Start of Block

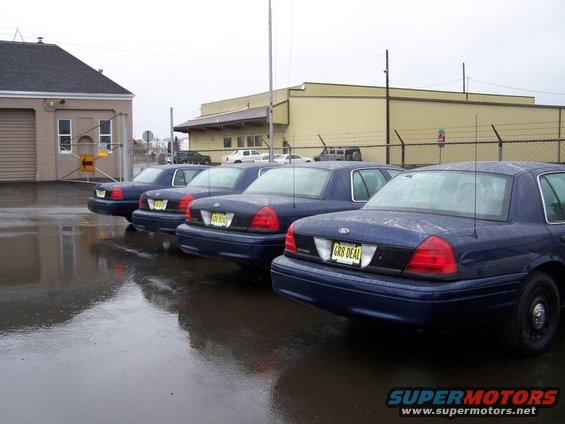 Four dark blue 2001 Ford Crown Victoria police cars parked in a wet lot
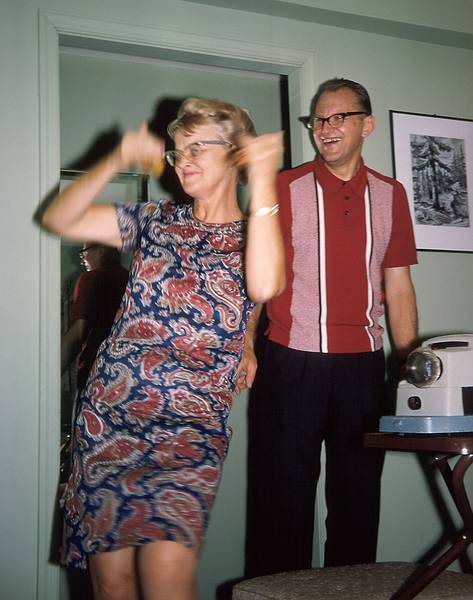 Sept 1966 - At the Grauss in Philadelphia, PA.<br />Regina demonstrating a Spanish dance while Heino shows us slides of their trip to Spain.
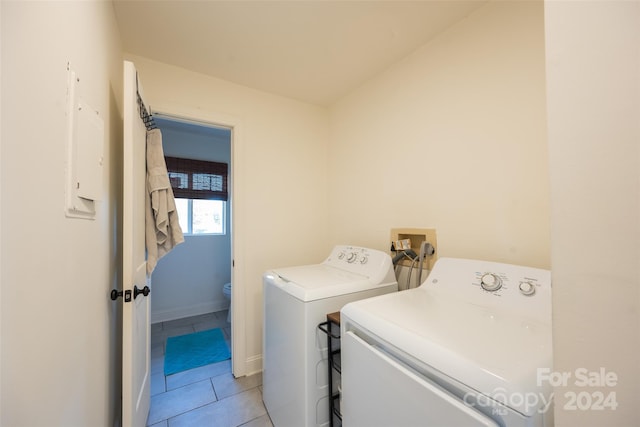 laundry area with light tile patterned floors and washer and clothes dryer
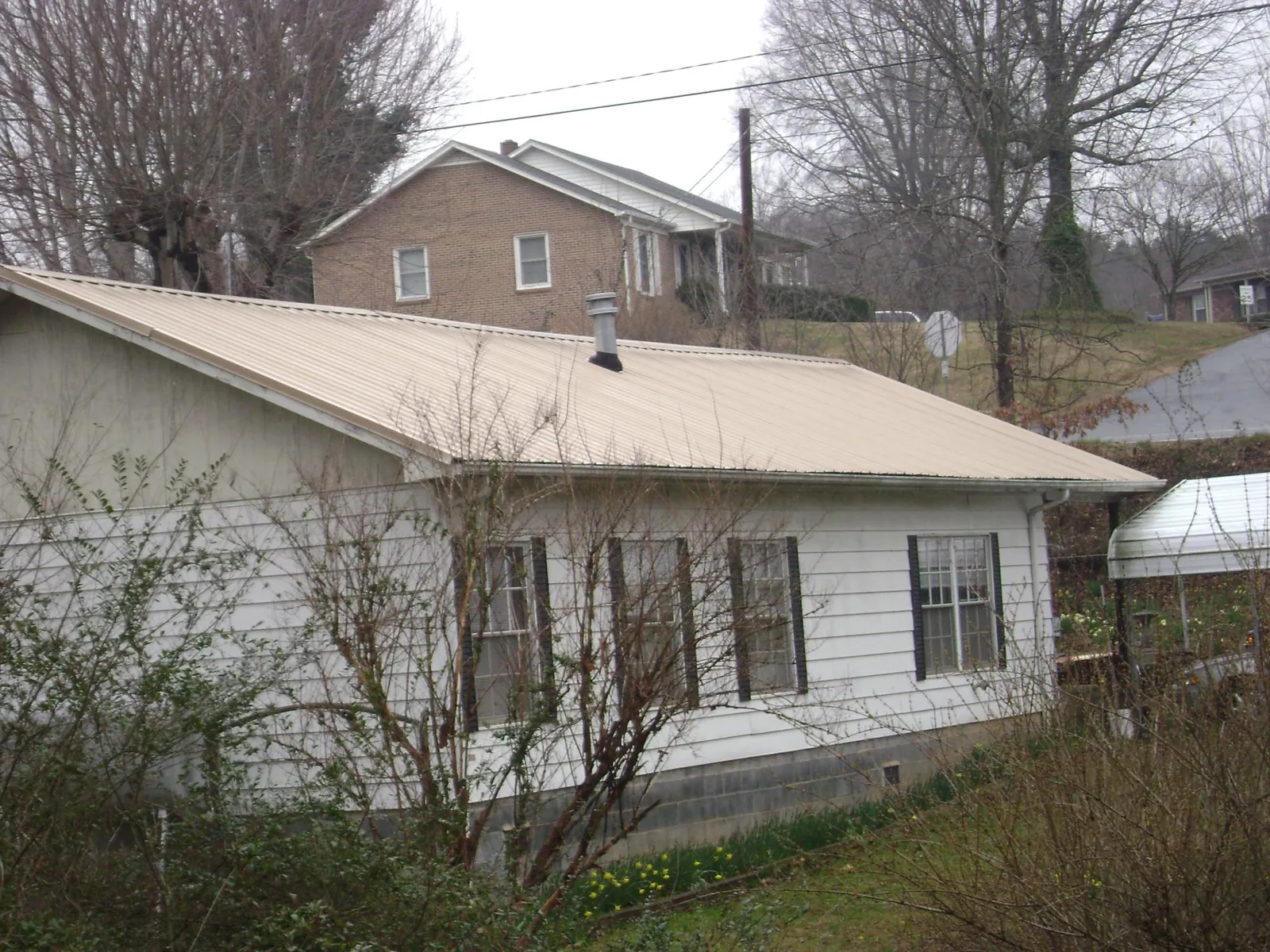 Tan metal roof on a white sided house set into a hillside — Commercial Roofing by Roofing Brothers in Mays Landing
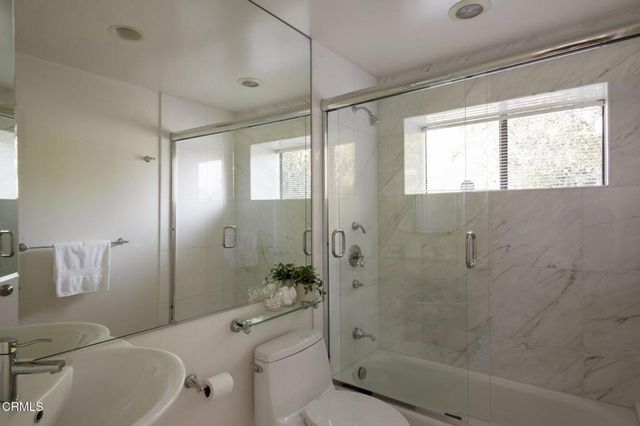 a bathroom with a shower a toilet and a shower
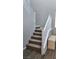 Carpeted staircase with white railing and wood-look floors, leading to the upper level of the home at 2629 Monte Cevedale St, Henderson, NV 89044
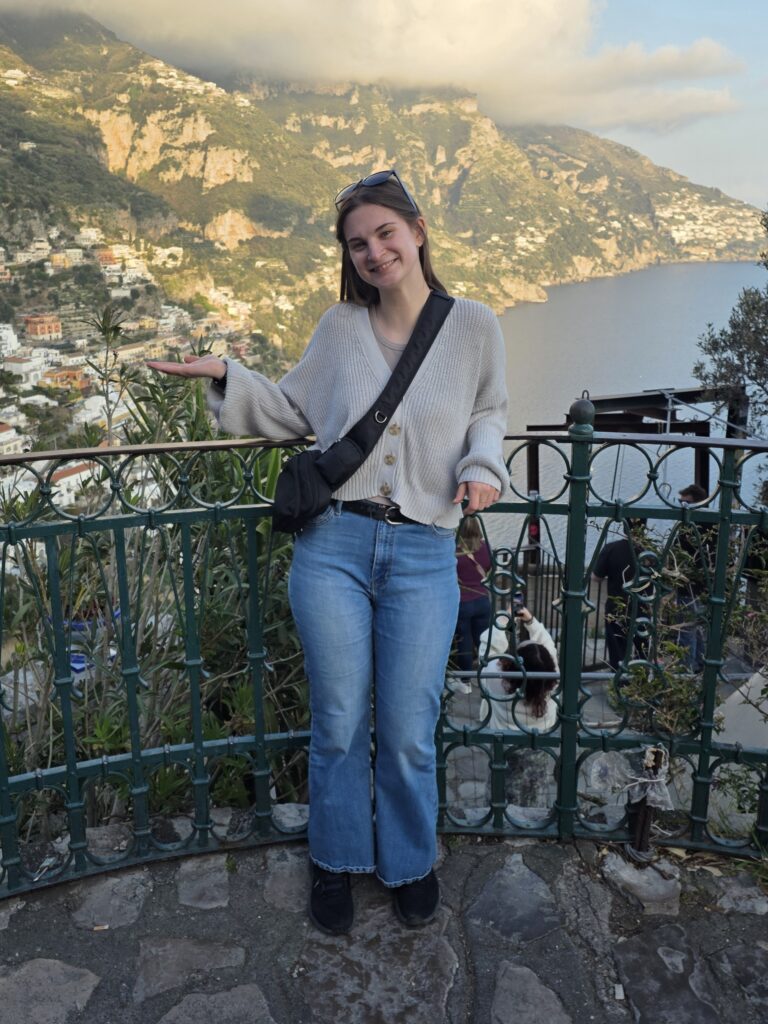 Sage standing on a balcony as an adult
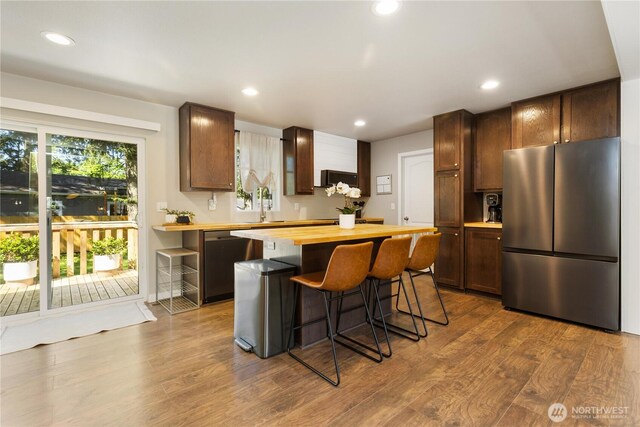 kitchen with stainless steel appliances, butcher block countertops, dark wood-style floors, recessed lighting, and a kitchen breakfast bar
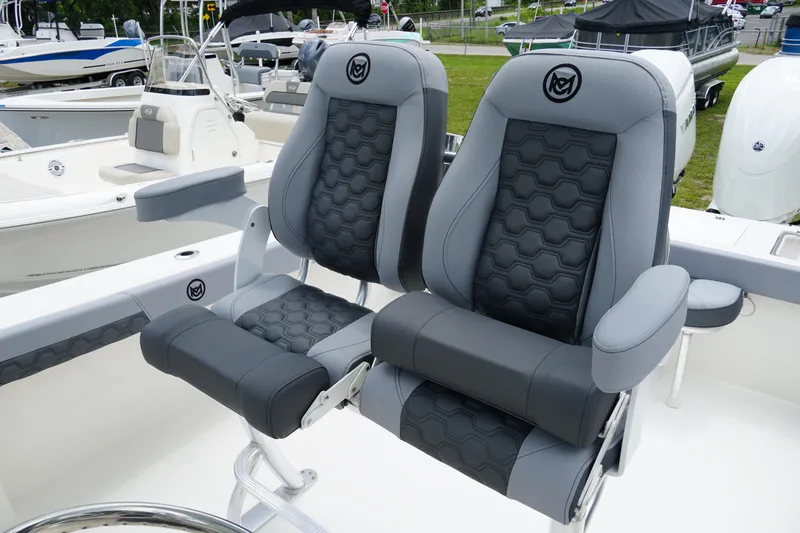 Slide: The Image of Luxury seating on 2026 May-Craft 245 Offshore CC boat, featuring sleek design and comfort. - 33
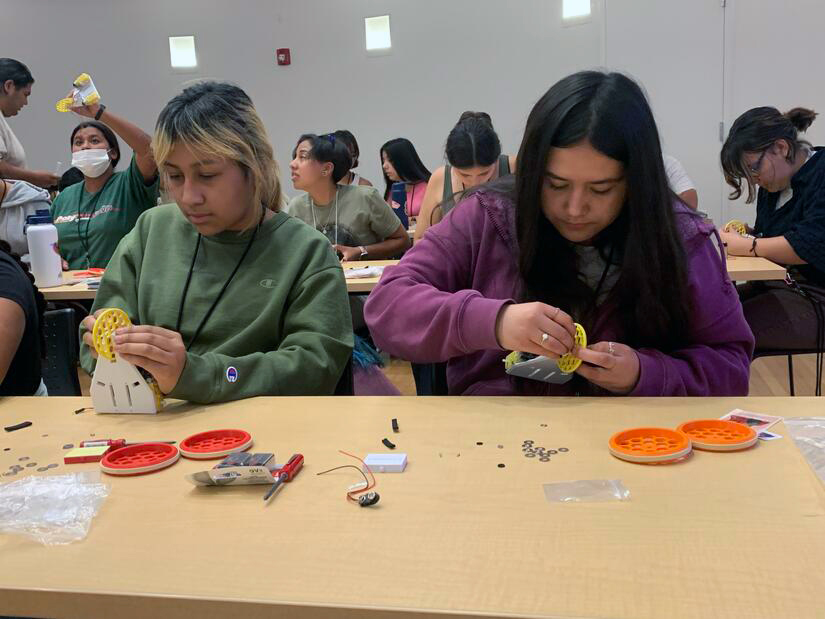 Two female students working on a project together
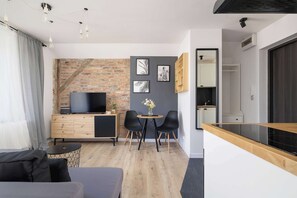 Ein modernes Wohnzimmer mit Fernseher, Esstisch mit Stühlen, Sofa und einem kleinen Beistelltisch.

End of Block

- Work required:
Retype the data above exactly; pictures are not part of the copy.

- Response area:
 Four dark blue 2001 Ford Crown Victoria police cars parked in a wet lot
 Sept 1966 - At the Grauss in Philadelphia, PA.<br />Regina demonstrating a Spanish dance while Heino shows us slides of their trip to Spain.
 laundry area with light tile patterned floors and washer and clothes dryer
 Tan metal roof on a white sided house set into a hillside — Commercial Roofing by Roofing Brothers in Mays Landing
 a bathroom with a shower a toilet and a shower
 Carpeted staircase with white railing and wood-look floors, leading to the upper level of the home at 2629 Monte Cevedale St, Henderson, NV 89044
 Sage standing on a balcony as an adult
 kitchen with stainless steel appliances, butcher block countertops, dark wood-style floors, recessed lighting, and a kitchen breakfast bar
 Slide: The Image of Luxury seating on 2026 May-Craft 245 Offshore CC boat, featuring sleek design and comfort. - 33
 Two female students working on a project together
 Ein modernes Wohnzimmer mit Fernseher, Esstisch mit Stühlen, Sofa und einem kleinen Beistelltisch.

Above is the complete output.